El anciano subía por la ladera nevada, una blanca lechuza le observaba balanceándose en la rama de un almendro desnudo azotado por el frío viento. Cuando el anciano pasaba justo bajo el árbol su curiosidad superó a su tímidez y se atrevió a preguntar:

¿Dónde vas montaña arriba, anciano? ¿No ves que allí el frio es más intenso? No podrán soportalo tus viejos y cansados huesos.

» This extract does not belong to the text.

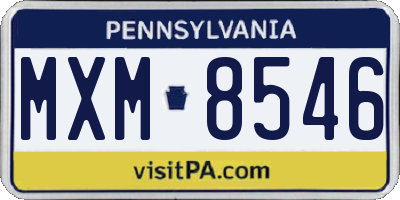 PA license plate MXM8546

A lo que el anciano respondió:

Es mi sino, pues yo soy el mismo invierno que ya se acaba. Y aunque todos adoran a la hermosa primavera, celebran el cálido verano y se asombran del rojo otoño, yo, odiado y despreciado, debo refugiar mis huesos cansados en el eterno pico nevado de la montaña.

¿Odiado y despreciado? No, viejo amigo, pues no seria tan hermosa la primavera sin el riego de tu nieve derretida, nadie sabría del cálido verano, si no hay frío invierno con que compararlo, el rojo del otoño no sería tan asombroso sin el blanco de tu manto nevado…

El anciano miró a la lechuza, sonrió y siguió su camino sin mirar atrás, dejando a la lechuza encaramada en el desnudo almendro balanceado por el ya no tan frío viento.